Nessuno li rifiuta, ma ci "inculcano" che esistono solo per occupare il nostro spazio vitale e per produrre del fetore. Solo chi non ha interesse ad utilizzarli li reputa un problema. Chiedete ai Vostri nonni come utilizzavano e cosa ne pensavano dei rifiuti. Non chiedete alle amministrazioni pubbliche cosa ne pensano dei rifiuti perchè loro considerano i rifiuti come una banconota universale. Il comune di Moncalieri (To) ha denunciato una azienda che pagava i rifiuti a coloro che glieli portavano in magazzino per "ritiro di materie prime da cestinare e dunque di proprietà del comune"...
...no comment!!!
gabra s.
6 ottobre 2010 alle ore 19:55Caro Alberto L. da Padova, temo che se NOI ITALANI facessimo una cosa del genere verremmo subito fermati dalla Polizia di Regime e multati: i soldi guadagnati con questo sistema ci verrebbero subito confiscati e finirebbero nelle tasche dei nostri cari POLITICI. (S'intascano qualunque cosa, anche la merda).
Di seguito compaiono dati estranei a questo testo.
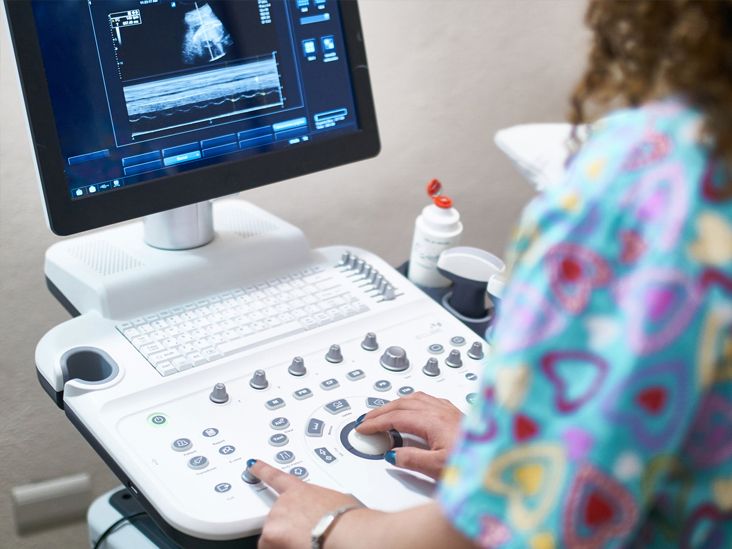 Ultrasound for Ectopic Pregnancy: What to Expect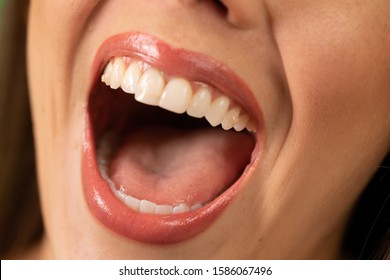 Close Up Of A Beautiful Woman's Open Laughing Mouth. Young Woman With Perfect Teeth Smiling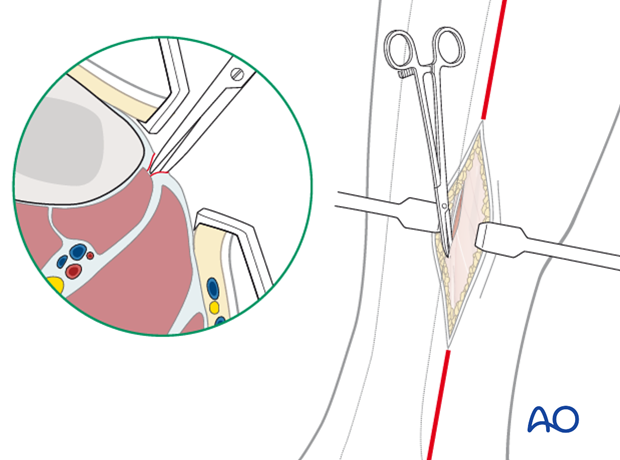 compartment syndrome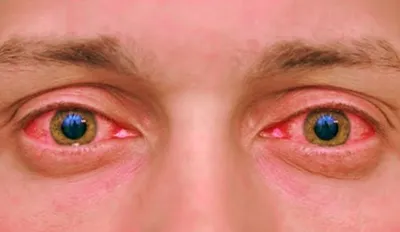 Почему глаза красные? - Полезная информация от клиники «КИТ»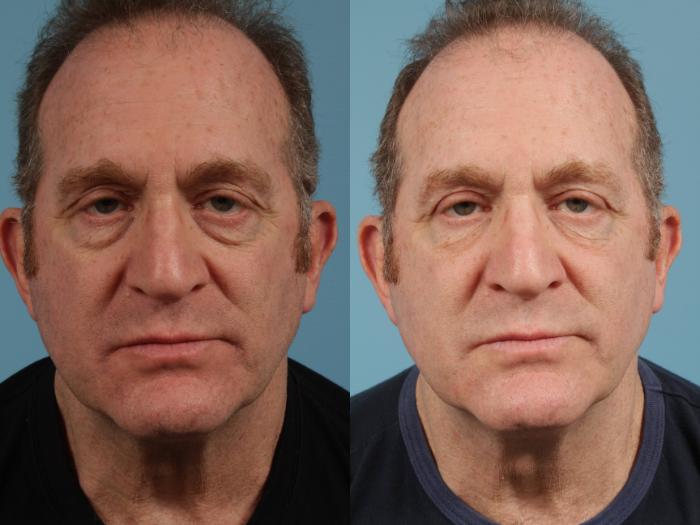 Before & After Blepharoplasty by Dr. Mustoe Case 137 View #2 View in Chicago, IL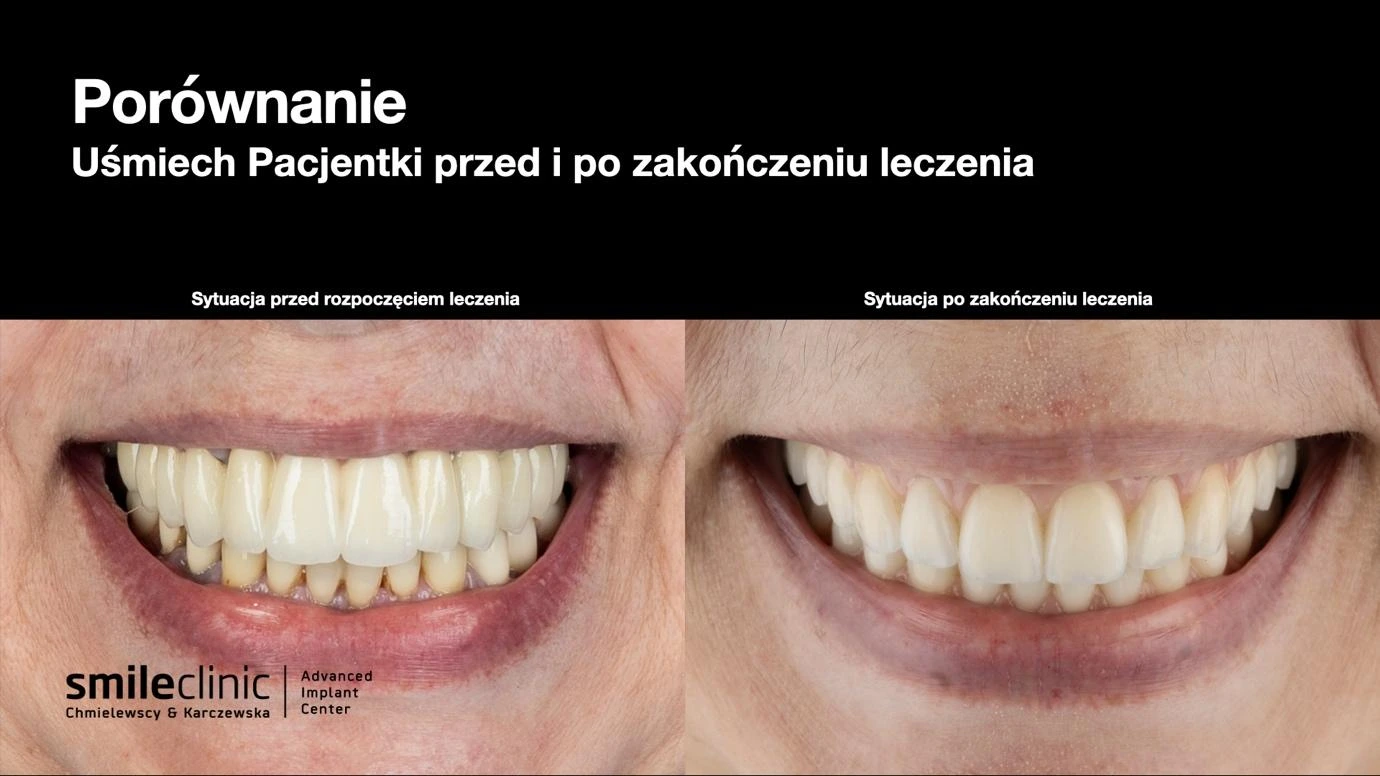 Uśmiech przed i po leczeniu All-on-6 Porównanie uśmiechu pacjentki przed i po leczeniu All-on-6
E' SEMPRE LA SOLITA STORIA: un tempo si diceva: "Se la merda avesse valore i poveri nascerebbero senza buco del culo."
Ora si può dire: SE LA MERDA (CHE) HA VALORE AI POVERI TOGLIEREBBERO IL BUCO DEL CULO.
In Italia sta già succedendo.
carlo tarantino
6 ottobre 2010 alle ore 19:59Un chiarimento per capire meglio il racconto del nostro amico turista in Croazia e per dare delle idee ai nostri amministratori e produttori.In Croazia per ogni lattina,bottiglia di pvc e vetro viene fatto pagare all'acquisto 0,50 kn(14 centesimi di euro).In ogni città ci sono punti di raccolta di questi materiali(quasi sempre supermercati)che raccolgono questi prodotti e li inviano a ditte per la produzione di tessuti sintetici(pvc) o per il riciclaggio negli altri casi.
Per ogni lattina,bottiglietta e vetro vengono restituiti pronta cassa le 0,50kn dell'acquisto .Dall'inizio di questa politica in giro non trovi ne una lattina per terra ne bottiglie di plastica in giro.Questo , come raccontato dell'esperienza del nostro Alberto e anche un mezzo di avere qualche soldo in più soprattutto per i pensionati e le persone meno abbienti. Una buona idea da un paese che per alcuni viene ancora,in modo dispregiativo chiamato "balcanico" Saluti Carlo da Zagabria
Valerio Zannotti
6 ottobre 2010 alle ore 22:49Anche io vivo a Zagabria... e non è tutto oro il rifiuto che luccica.
Spesso il governo locale si è fatto "bello" proclamando questo sistema come una soluzione "geniale" per risolvere il problema dei rifiuti.
Io, sto problema, prima non lo vedevo: e vivo qui da 7 anni.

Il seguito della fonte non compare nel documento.